BRIEF DESCRIPTION OF THE DRAWINGS
[0033] FIG. 1 illustrates a detailed top plan view of a pixel
according to an exemplary embodiment of the present disclosure.
[0034] FIG. 2 illustrates a cross-sectional view taken along line
II-II of FIG. 1.
[0035] FIG. 3 is a schematic diagram representing liquid crystal
control as arrows in a unit pixel electrode, a length of a short
side of which is equal to or less than about 100 .mu.m and a length
of a long side of which is equal to or less than two times the
short side.
[0036] FIG. 4 illustrates experimental data comparing transmittance
of a comparative example of a 12-division liquid crystal display
having a square-shaped unit pixel electrode to transmittances of
exemplary embodiments of 6-division and 4-division liquid crystal
displays respectively having rectangular-shaped unit pixel
electrodes.
[0037] FIG. 5 illustrates experimental data comparing the response
time of a comparative example of a 12-division liquid crystal
display having a square-shaped unit pixel electrode to the response
time of an exemplary embodiment of a 4-division liquid crystal
display having a rectangular-shaped unit pixel electrode.

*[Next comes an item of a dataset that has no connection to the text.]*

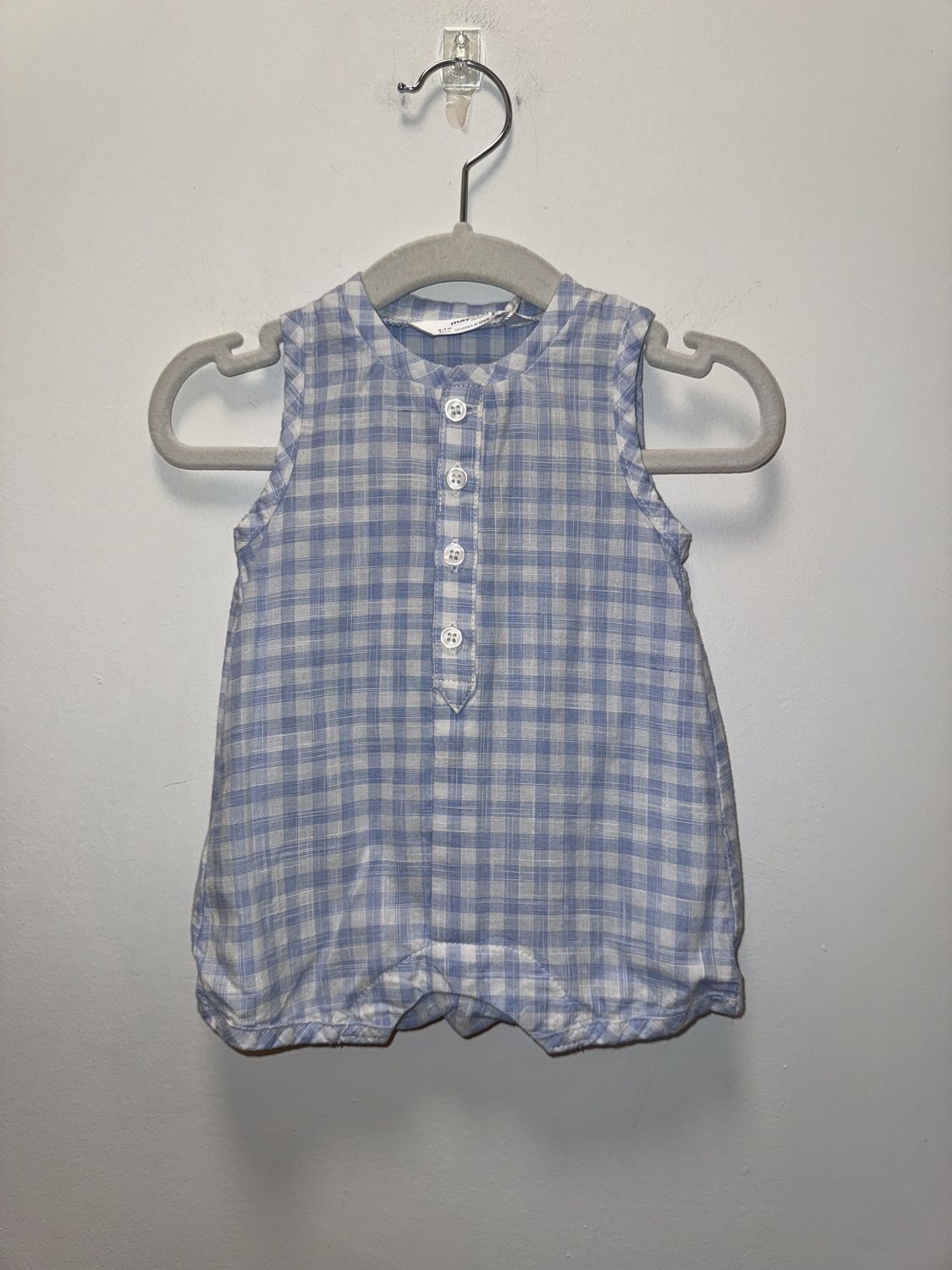 Used - Mayoral - Sleeveless Onesie - NB - PWE2996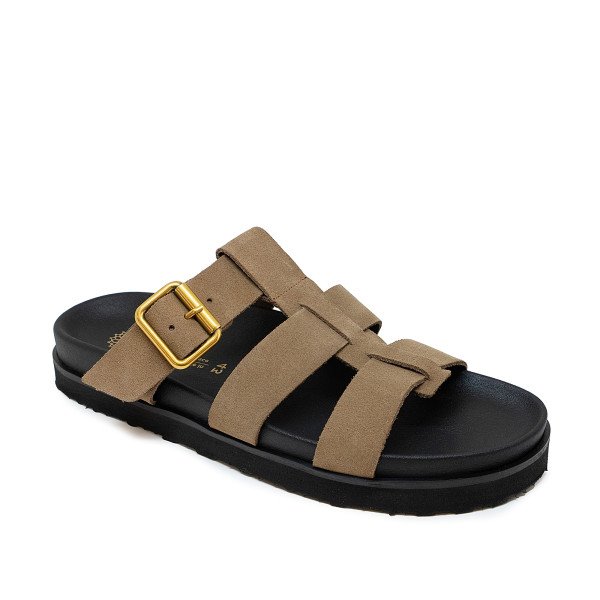 Ateneo 54103-07 Leather Sandal Cigar Ateneo 54103-07 Leather Sandal Cigar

[0038] FIG. 6 illustrates experimental data of a control time
according to a size of a unit pixel electrode in a comparative
example of a 12-division liquid crystal display.
[0039] FIG. 7 illustrates a detailed top plan view of a pixel
according to an exemplary embodiment of the present disclosure.
[0040] FIGS. 8 to 12 illustrate schematic diagrams of a pixel
electrode of a liquid crystal display according to an exemplary
embodiment of the present disclosure.
[0041] FIG. 13 illustrates a perspective view of a liquid crystal
display according to an exemplary embodiment of the present
disclosure.
DETAILED DESCRIPTION OF THE EMBODIMENTS
[0042] The present disclosure will be described more fully
hereinafter with reference to the accompanying drawings, in which
exemplary embodiments of the disclosure are shown. As those skilled
in the art would realize, the described embodiments may be modified
in various different ways, all without departing from the spirit or
scope of the present disclosure.
[0043] In the drawings, the thickness of layers, films, panels,
regions, etc., are exaggerated for clarity. The various Figures are
thus not to scale. Like reference numerals designate like elements
throughout the specification. It will be understood that when an
element such as a layer, film, region, or substrate is referred to
as being "on" another element, it can be directly on the other
element or intervening elements may also be present. In contrast,
when an element is referred to as being "directly on" another
element, there are no intervening elements present.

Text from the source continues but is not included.